▸ Exercise inputs
[Start of section]
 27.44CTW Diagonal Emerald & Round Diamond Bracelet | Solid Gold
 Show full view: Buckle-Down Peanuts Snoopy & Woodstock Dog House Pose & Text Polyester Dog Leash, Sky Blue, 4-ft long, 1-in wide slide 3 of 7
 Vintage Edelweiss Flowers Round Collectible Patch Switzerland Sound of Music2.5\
[End of section]
[Start of section]
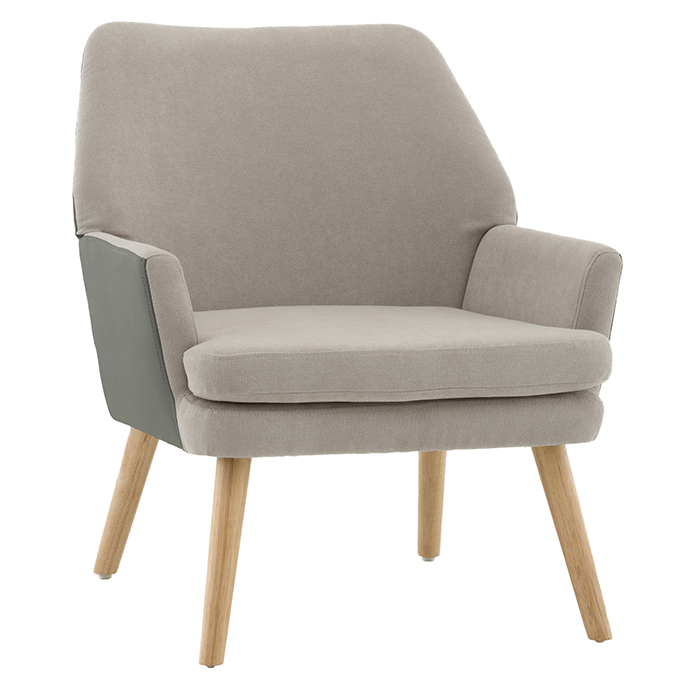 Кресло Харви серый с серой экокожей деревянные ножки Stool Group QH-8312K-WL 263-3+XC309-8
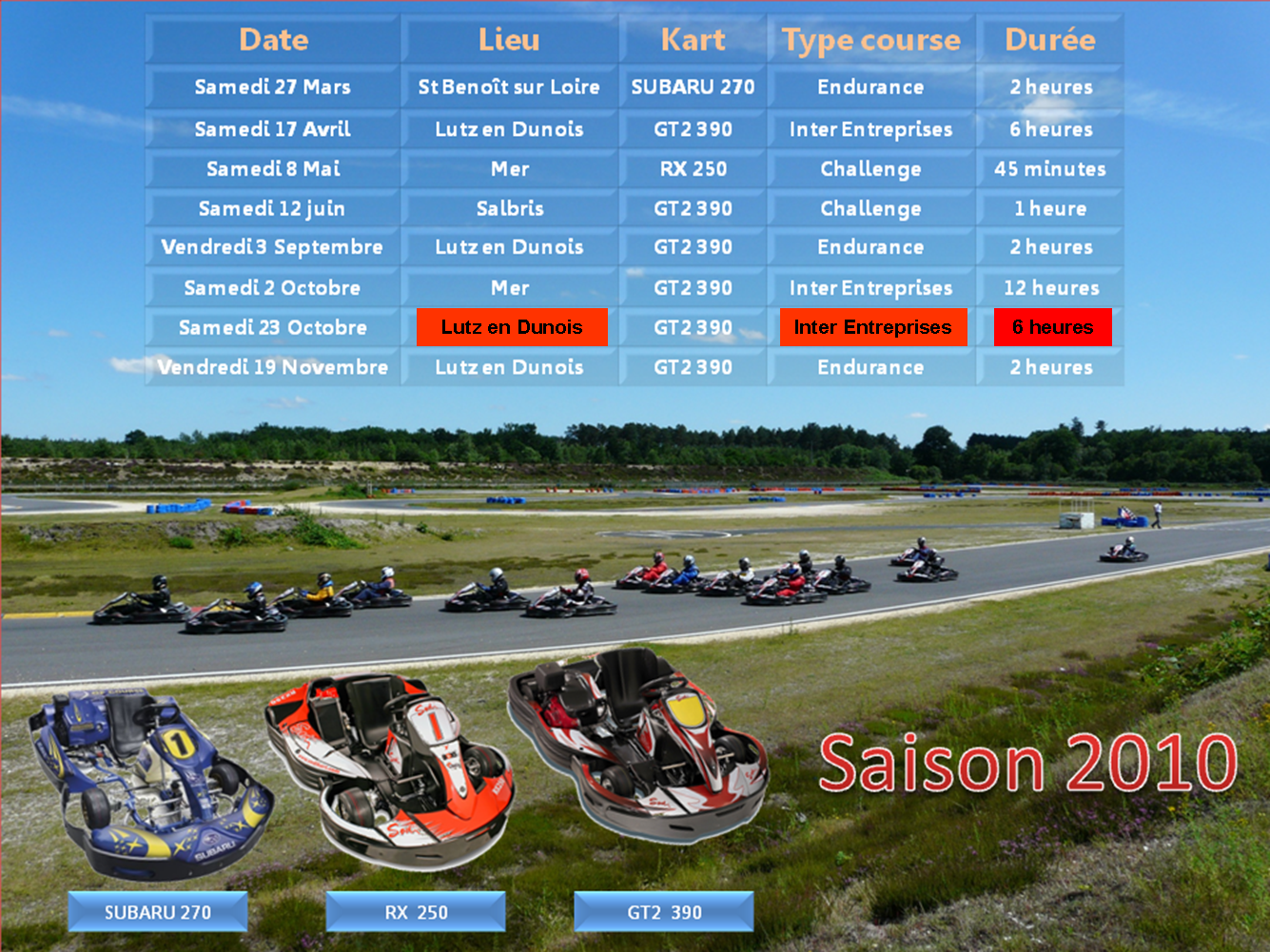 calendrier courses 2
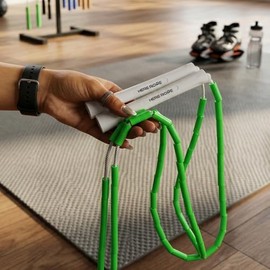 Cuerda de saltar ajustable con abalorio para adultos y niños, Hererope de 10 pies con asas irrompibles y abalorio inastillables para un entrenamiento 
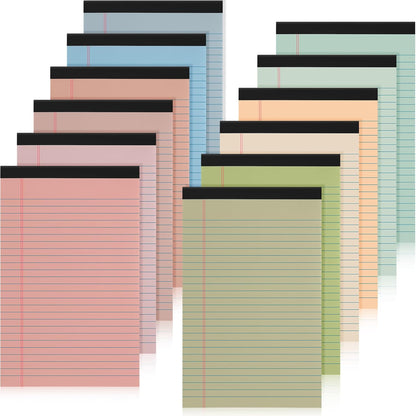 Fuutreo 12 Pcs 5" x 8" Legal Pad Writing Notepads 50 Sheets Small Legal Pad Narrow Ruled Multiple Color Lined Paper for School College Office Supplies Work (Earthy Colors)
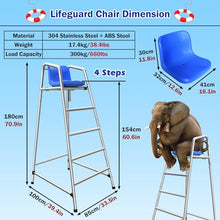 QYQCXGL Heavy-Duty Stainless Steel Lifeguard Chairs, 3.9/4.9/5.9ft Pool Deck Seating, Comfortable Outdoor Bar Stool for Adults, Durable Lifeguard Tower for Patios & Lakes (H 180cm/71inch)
[End of section]
▸ Brief
Please transcribe only the lines in the records above running from the line that has "Show full view: Buckle-Down" through the line that has "Vintage Edelweiss Flowers", both included, exactly as they appear.

▸ Response below
 Show full view: Buckle-Down Peanuts Snoopy & Woodstock Dog House Pose & Text Polyester Dog Leash, Sky Blue, 4-ft long, 1-in wide slide 3 of 7
 Vintage Edelweiss Flowers Round Collectible Patch Switzerland Sound of Music2.5\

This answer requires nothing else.